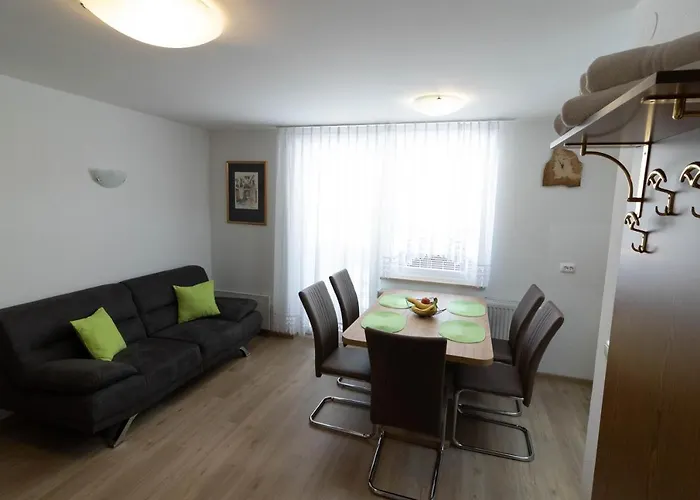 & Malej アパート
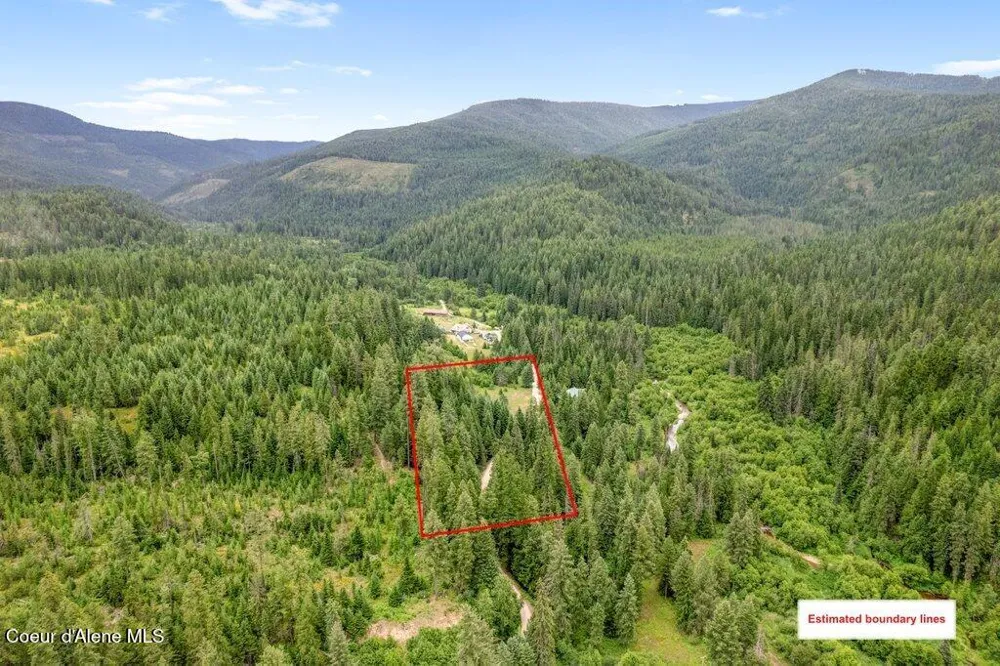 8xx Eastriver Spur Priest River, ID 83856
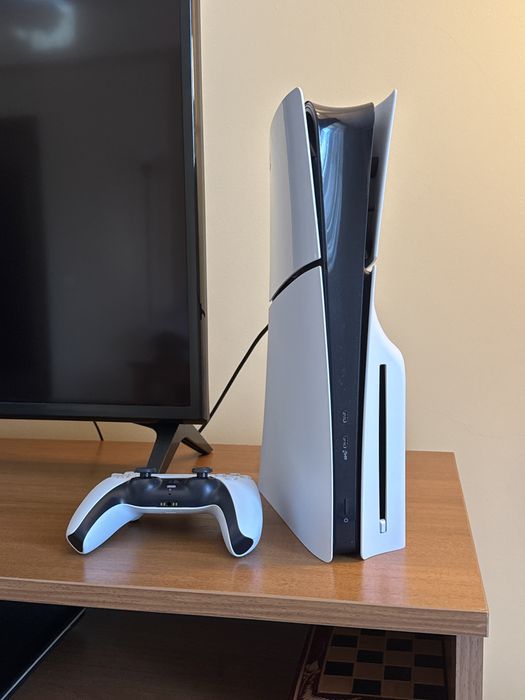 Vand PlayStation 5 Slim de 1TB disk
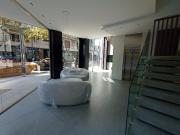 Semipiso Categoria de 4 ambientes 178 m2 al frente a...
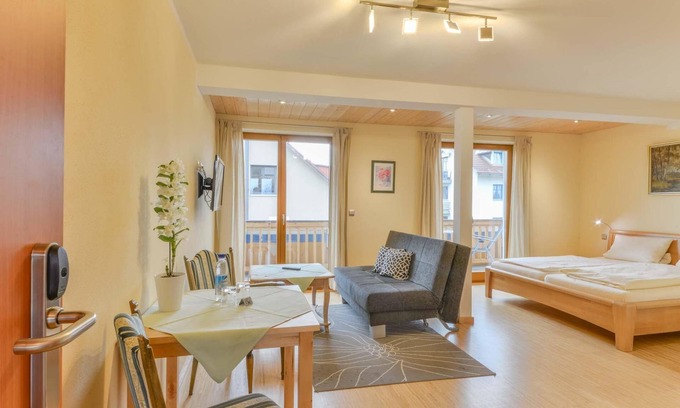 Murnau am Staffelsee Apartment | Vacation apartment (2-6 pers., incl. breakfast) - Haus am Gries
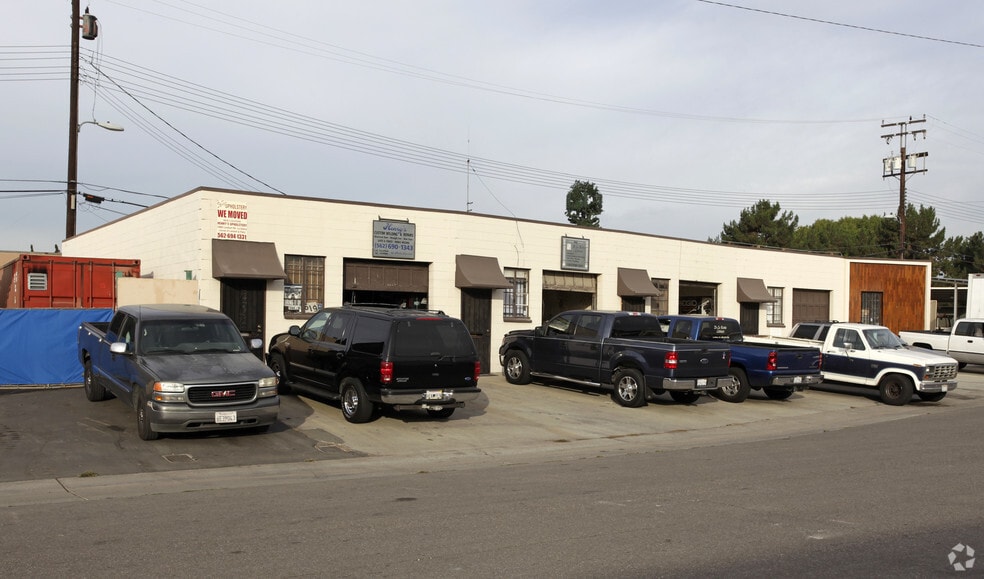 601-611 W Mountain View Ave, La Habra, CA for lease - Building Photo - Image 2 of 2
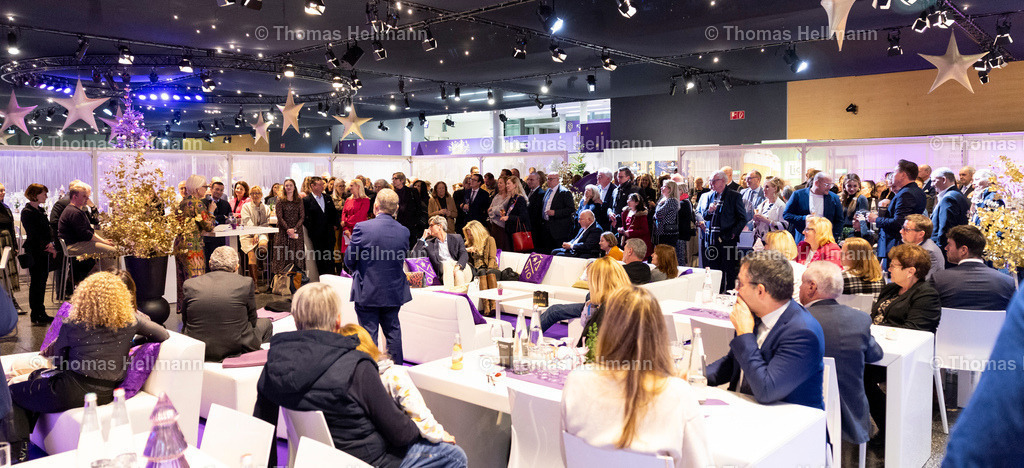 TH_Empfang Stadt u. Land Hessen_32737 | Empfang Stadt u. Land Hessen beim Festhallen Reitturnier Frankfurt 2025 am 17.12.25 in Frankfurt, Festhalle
--- --- ---
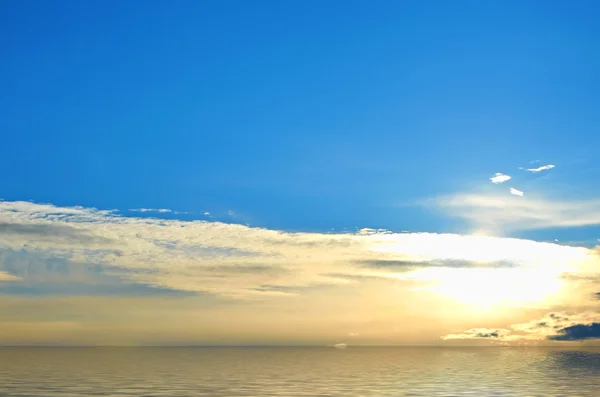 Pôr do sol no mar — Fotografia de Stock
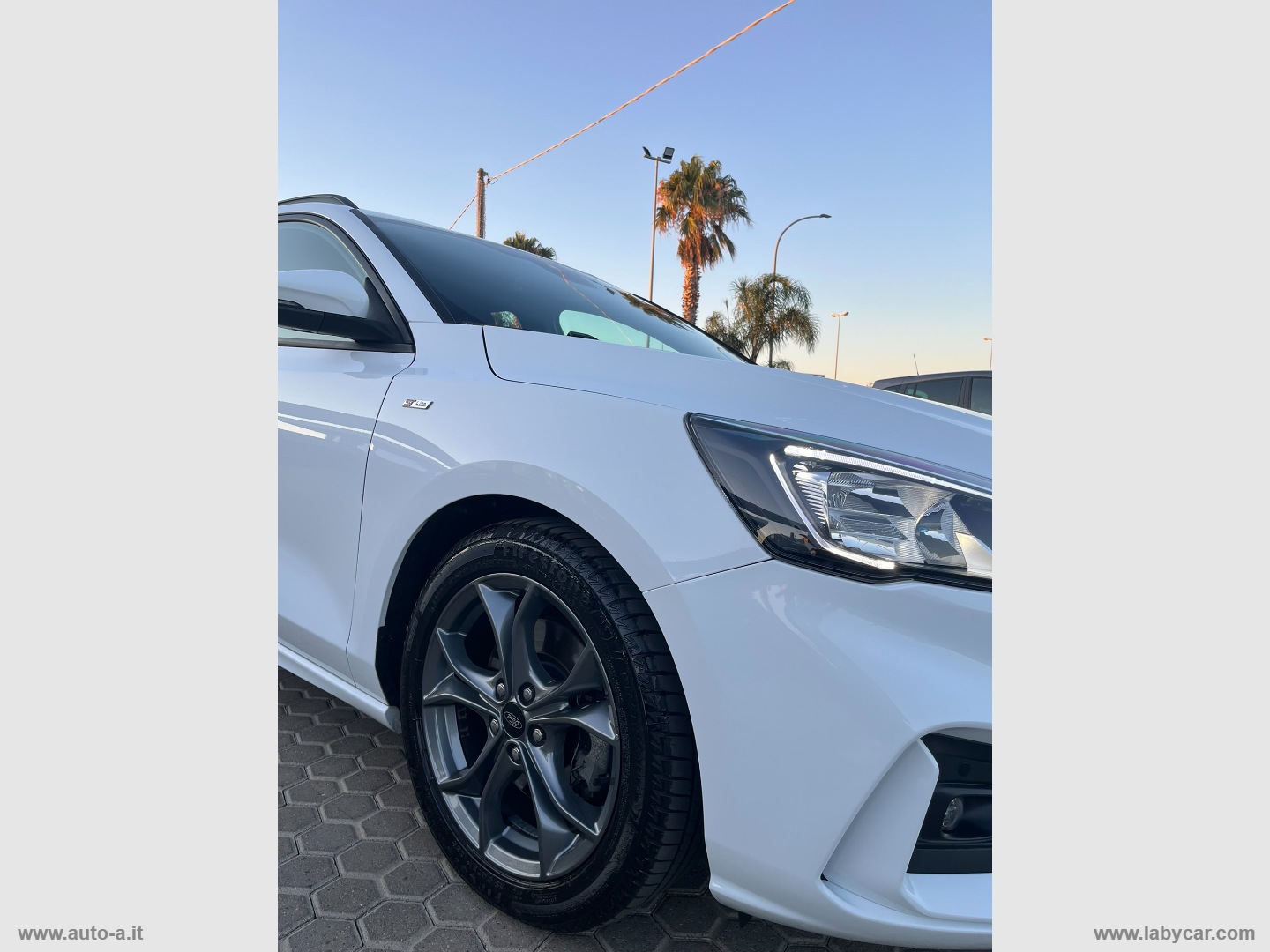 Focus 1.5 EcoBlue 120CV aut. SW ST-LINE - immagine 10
--- --- ---
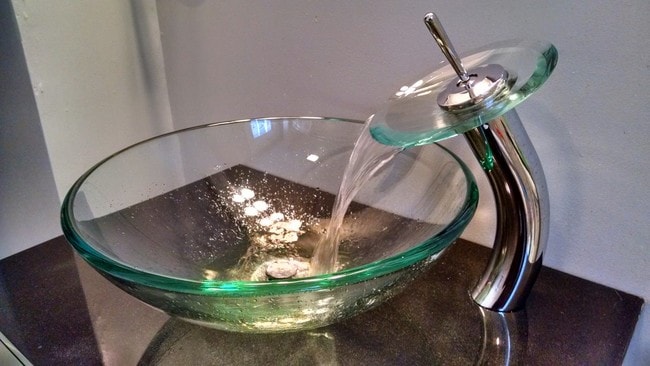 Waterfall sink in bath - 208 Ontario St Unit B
--- --- ---
_Activity:_
The copy should hold exactly the lines above from the one with "601-611 W Mountain" through the one with "TH_Empfang Stadt u.", both ends counted, and no pictures at all.

_Task output:_
 601-611 W Mountain View Ave, La Habra, CA for lease - Building Photo - Image 2 of 2
 TH_Empfang Stadt u. Land Hessen_32737 | Empfang Stadt u. Land Hessen beim Festhallen Reitturnier Frankfurt 2025 am 17.12.25 in Frankfurt, Festhalle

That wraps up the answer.